Elite experience not just for the players
It is well documented that the TAC Cup is a development league for players, but it also provides development opportunities for club staff members across the full range of roles required to run a football club.
When one such opportunity arose for Josh Milner, the strength and conditioning coach at Gippsland Power, to step up at the recent NAB AFL Draft Combine he relished the chance.
Milner took on a role as a group manager at the combine. Working closely with the Medium Defenders group all week, he mentored the likes of Daniel Capiron, Jason Castagna, Jordan De Goey, Liam Duggan, Brayden Maynard, Jackson Nelson and Dillon Viojo-Rainbow.
Along with mentoring, and implementing the warm up and recovery process for the group, Milner also helped man the various stations during the testing.
The invitation to assist at the combine was a result of the effort Milner has put into his role at Power and his willingness to continuously develop his skills.
In the same way that players under his charge are striving to reach AFL levels, Milner aspires to ply his trade at the highest level.

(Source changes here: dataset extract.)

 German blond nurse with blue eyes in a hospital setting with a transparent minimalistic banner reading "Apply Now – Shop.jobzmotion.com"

After liaising with Jamie Hepner, AFL Victoria’s Head of Athlete Management, Milner was put in touch with renowned fitness coach Andrew Russell from Hawthorn Football Club.
A teacher at SEDA, Milner was able to spend seven days at the Hawks during the mid-year school holiday period as a part of a mentoring program with Russell.

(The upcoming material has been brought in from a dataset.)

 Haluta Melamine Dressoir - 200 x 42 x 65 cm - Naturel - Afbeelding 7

“I helped out mainly in the weights room, but as I was able to get to know and build a rapport with the players and staff I was able to help with warm ups,” Milner said.
“It was a great experience, I was able to meet and learn from so many people.”
Milner was also fortunate enough to be able to work closely with the club rehab coordinator whose role is to bring back players who have been out with injury.
“He had Cyril (Rioli) recovering from a hammy and Josh Gibson from a pec muscle, I was able to see how they brought them back and worked on their match fitness, they were two really good examples.”
Milner knows what it takes to recover from injury all too well.
A sports fanatic growing up, football was Milner’s first choice. As a youngster from Warragul he played with Gippsland Power in the under 15’s and showed plenty of promise. But then injury struck and he missed out on playing under 16’s and TAC Cup.
“Being injured I was able to step back from footy and look at it from a different perspective.”
It sparked his interest in injury management and exercise science which has now turned into his passion.
“Teaching and working as a personal trainer for 6 years and just being involved with the elite systems has really pushed on that passion.”
“With my own injury experience I feel like I can relate to the draft prospects and the guys at Power better and help them both mentally and physically get back out on the ground and playing good football.”
In his role of group manager at the draft combine, Milner was able to help ease the potential draftee’s anxiety about the various tests and club interviews and keep them in a positive mindset.
“They had done the work throughout the year, they have all got the talent, they just needed to put their best foot forward and be both mentally and physically challenging themselves.”
While the athleticism of the international combine attendees, including Marvin Baynham‘s record breaking vertical jump, stood out to Milner, he was impressed with the performances of the Victorian boys.
“I think this draft a lot of Victorian’s will go, which is really positive.
“It shows that in the TAC Cup we are really focusing on athlete development rather than winning games.
“The TAC Cup is a good system for that, and I think going into the AFL the players have a better foundation which allows them to learn and develop the skills and the strength that they need.
It’s all been showcased at the combine.”
After a successful week at the combine taking everything in, Milner will continue to learn and develop his skills set heading into the new TAC Cup season.
Football at the elite level is a constantly evolving beast, the challenge for Milner as strength and conditioning coach is to be able to keep up with the changes and train players to be best prepared for the AFL system.
With more of a running element coming into the game, athletes are much lighter and faster but they still need to be strong.
“I am really trying to engross myself in and take as much as I can from the elite programs I have experienced and implement that in my role at Gippsland Power.”
He has completed a radical overhaul of Power’s entire training program that will see a much greater emphasis on tailored individual programs.
While preseason will be tough for the Gippsland boys, there is no doubt that they are in good hands.